According to the Mortgage Partnership Finance Program and Ginnie Mae, this option provides greater flexibility for local community lenders that want to originate and sell their government loans into the secondary market.

Additionally, the product is available to lenders in more communities from coast to coast, MPF and Ginnie Mae said.

The FHLB Atlanta, FHLB Boston, and FHLB Des Moines have been approved to offer the MPF Government MBS product.

Those three Federal Home Loan Banks join the FHLB Chicago, a Ginnie Mae Issuer offering the MPF Government MBS product.

“The addition of the servicing released option will appeal to community lenders across the country, “said Matt Feldman, President of the Federal Home Loan Bank of Chicago, which operates the MPF Program on behalf of nine Federal Home Loan Banks.

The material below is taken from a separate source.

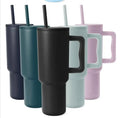 40 oz Insulated Stainless Steel Tumbler with Handle and Straw Lid M3816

“They can now receive the benefit of securities pricing with whatever size mortgage volumes they generate,” Feldman continued. “These exciting developments mean more FHLBank members can become more competitive as they support homeownership in their communities.”

Ginnie Mae President Ted Tozer said Ginnie Mae welcomes the development because it means that more consumers in more areas will benefit. “This is directly in line with the mission of Ginnie Mae, which is to make sure that as many lenders as possible, regardless of their size, can access the capital markets, which in turn provides the credit access that is the foundation of the American mortgage finance market,” Tozer said.

Several industry groups stated that they too welcome the new program.

Robert Davis, Executive Vice President at the American Bankers Association, said that community banks are drawn to the MPF program because it gives them liquidity options and attractive pricing to better serve their customers.

“The original partnership between MPF and Ginnie Mae expanded the options for banks to better meet their customers’ needs, and the further addition of a servicing released option for government guaranteed loans will give banks greater flexibility at a time when new capital rules are making retained servicing more costly and difficult,” Davis said. “Both MPF and Ginnie Mae are to be commended for these innovations.”

Ryan Donovan, chief advocacy officer for the Credit Union National Association, said that credit unions are leaders in FHA, VA, and RHS lending, and access to additional liquidity on affordable terms will allow them to better serve their members.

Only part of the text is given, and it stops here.